Author dictionaries and lexical analysis for comicsPosted: March 19, 2015
Every once in a while I learn something at my day job that I think would be applicable to comics research too. For instance, in literary studies, dictionaries are compiled that contain all the words (or only the nouns, similar to an encyclopedia) used by a particular author, or even only those used in one single literary text. Think of it as a sort of commentary in a critical edition which explains references to real-world entities, or obscure words that aren’t used anymore, only separate from the source text and organised alphabetically.
Applying this method to comics, we would, of course, ignore all the images and lose the information they convey. On the other hand, looking at the words alone might yield interesting results.
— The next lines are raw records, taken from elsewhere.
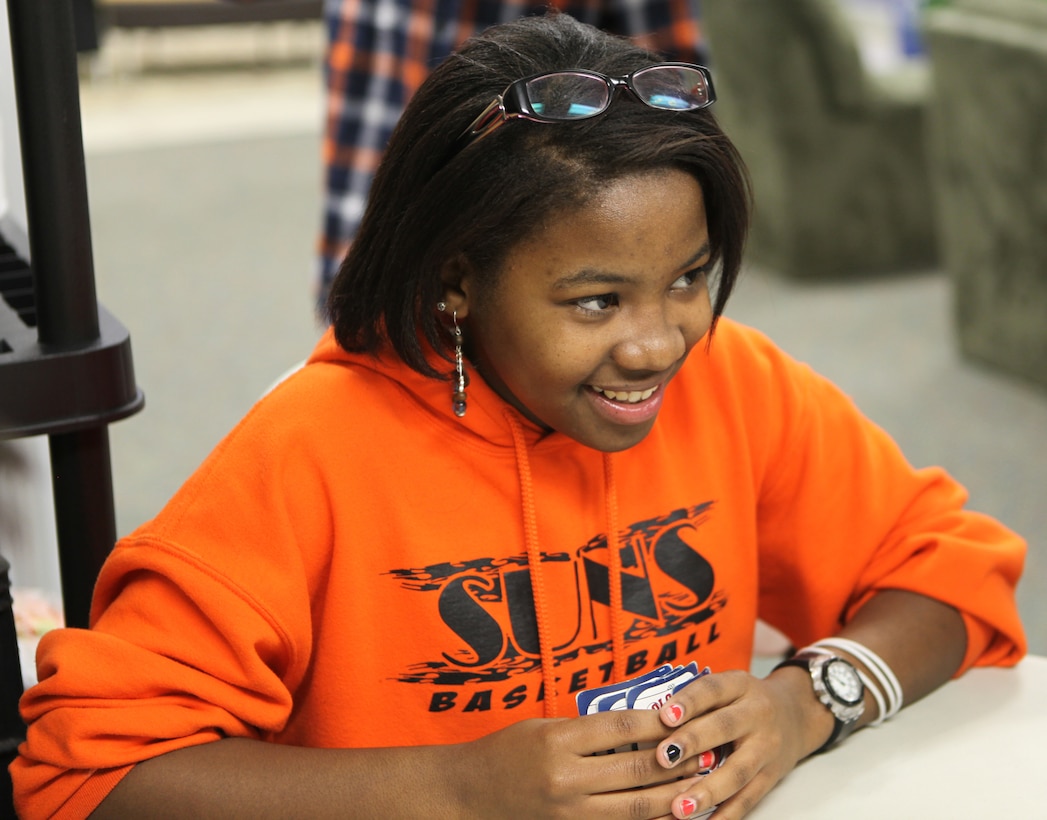 Shantrell Shae Burke, the recipient of Teen of the Month for January, plays cards with her friends at Teen Squad at the Midway Park Community Center Feb. 3. Burke enjoys volunteering, even if it's for unpopular projects. She feels that even if she only helps a little bit, volunteering could still greatly affect a person.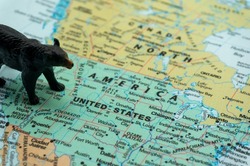 A black bear placed on a map of the United States. a bear market, a fall in the stock market. Economic downturn, financial crisis.bearish.down trend investment,US stocks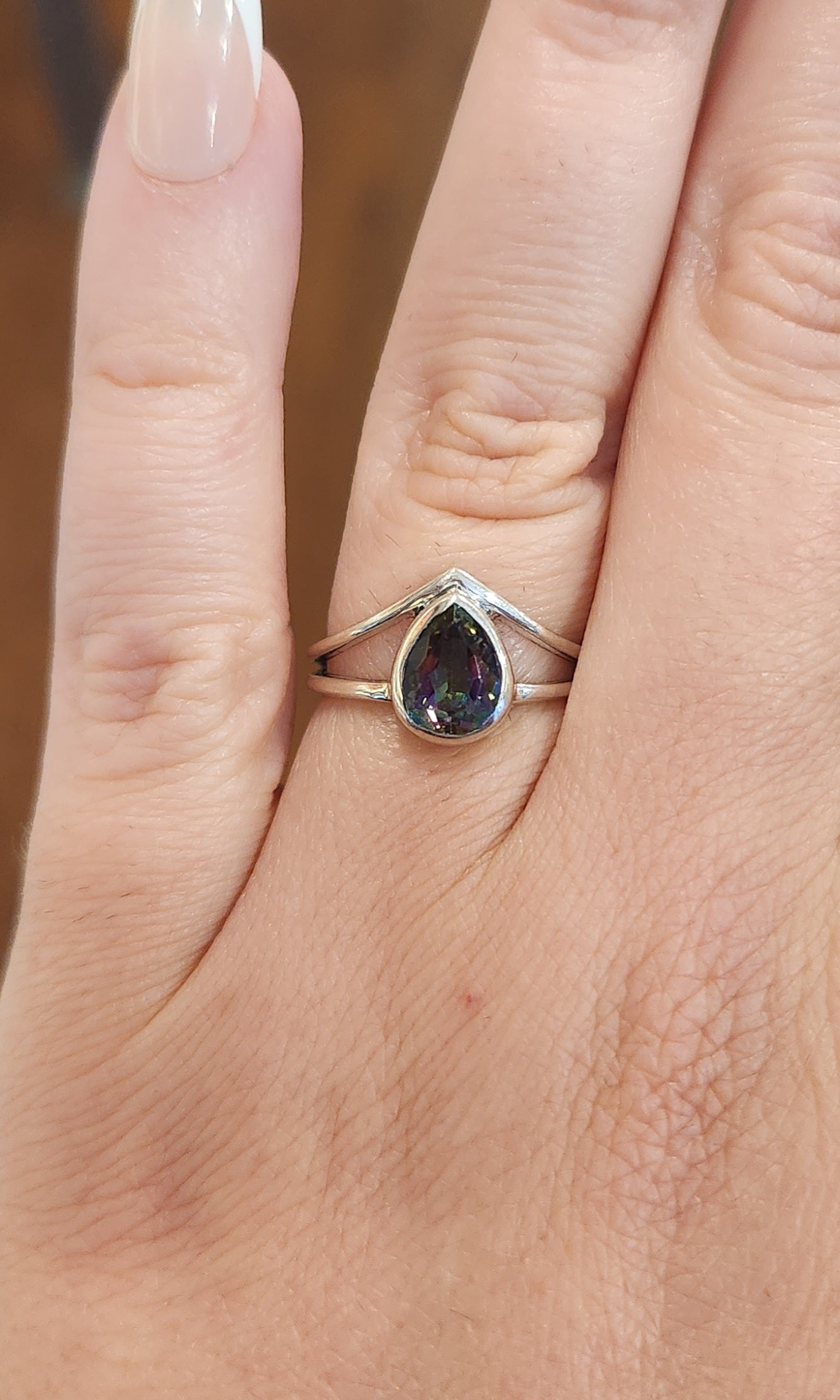 Sterling silver pear-shaped mystic topaz ring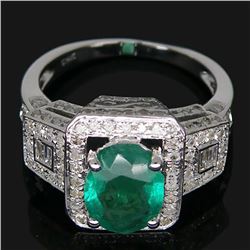 A 14KT WHITE GOLD AND EMERALD & DIAMONDS RING.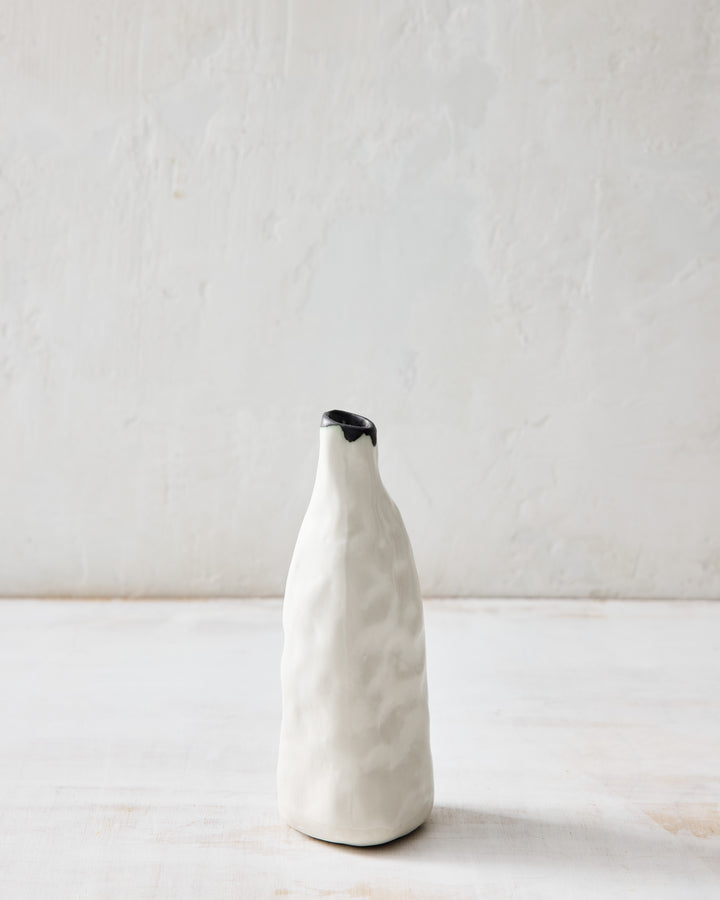 DBO HOME Pinch Bud Vase – George in creamy white porcelain with a raw bronze-dipped rim. Tall and subtly faceted with a hand-pinched texture, this ceramic bud vase brings a sculptural quiet to any shelf or tabletop.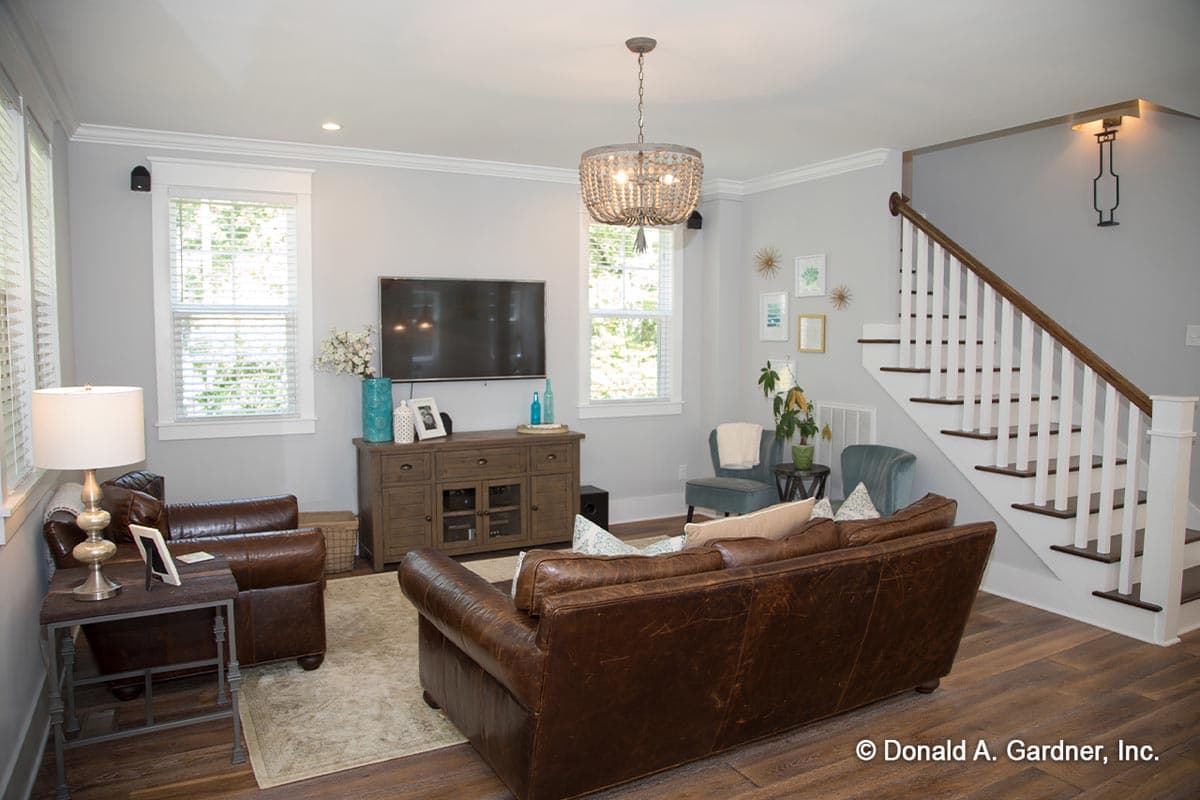 Living room interior with leather sofas, media console, chandelier, and white spindle staircase.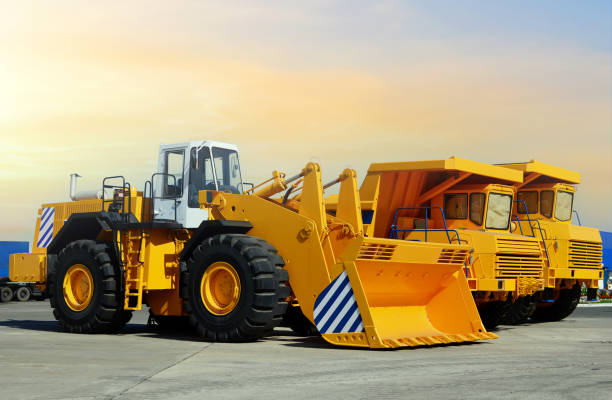 istock Wheel loader and mining truck. Heavy construction machinery and mining equipment 1306536192
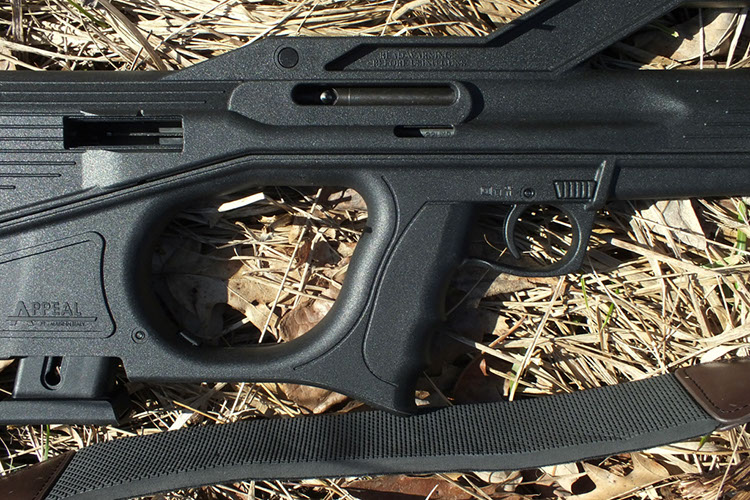 Partially inserted magazine with ejection port above, charging handle slot to right above grip and safety ahead of trigger. Tanfoglio Appeal Rimfire Rifle.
For instance, by comparing the frequency of words used in a particular comic to the frequency with which they occur in written language in general, we could test common hypotheses such as “author X uses word Y a lot”.
For comics of more than a few pages length, it would be nice to automatically create a list of all the words in digital form (at least those in speech/thought bubbles and captions – sound effects and inscriptions/labels can be difficult to automatically recognise). Unless a script for the comic you’re interested in is already available, a straightforward (though not necessarily easy) way to get such a list would be to obtain digital images (e.g. scans) of the pages of the comic, then run Optical Character Recognition (OCR) software on them.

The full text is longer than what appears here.